Nella piazza del Ghetto Nuovo c’è il Museo Ebraico di Venezia e la Casa di Riposo Israelitica poi proseguendo si troveranno cinque sinagoghe, alcune delle quali, sono visitabili. Le sinagoghe aperte regolarmente al rito sono le due sefardite. Per la via centrale si arriva ad altre due sinagoghe usate alternativamente in estate e in inverno. Particolari sono le stanze dei palazzi, bassissime per poter sfruttare al meglio le altezze e la densità degli occupanti, relegati in quella zona della città.

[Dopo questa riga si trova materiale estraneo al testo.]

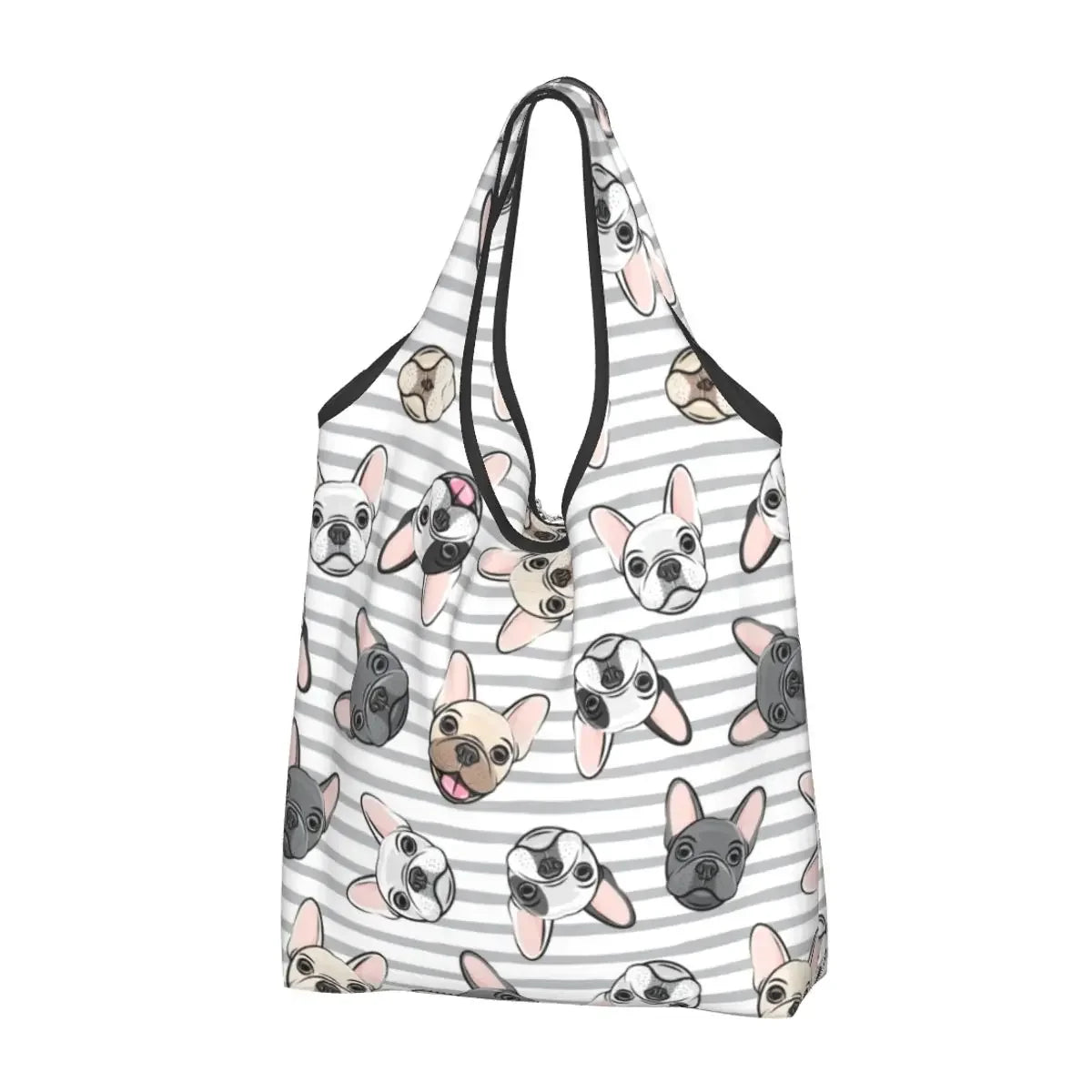 Recycling Pop Art Style French Bulldog Faces Shopping Bag Women Tote Bag Portable Frenchies Dog Pet Gift Groceries Shopper Bags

Usciti dal Ghetto, rientrare e perdersi nel vortice delle migliaia di turisti è un trauma accettabile per la bellezza e le continue sorprese culturali che questa fantastica città offre.
La sera, il gioco di luci riflesse sull’acqua dei bacari lungo il canale, le strette calle, i porteghi o le silenziose corti, danno al quartiere un aspetto magico.
Per la cena, è d’obbligo un salto alla “Trattoria da Bepi già cinquantaquattro” vicino a Campo Santi Apostoli, per la cortesia dei gestori e la semplicità dei piatti tipici veneziani che vengono proposti a prezzi che, per la città lagunare, sono decisamente abbordabili.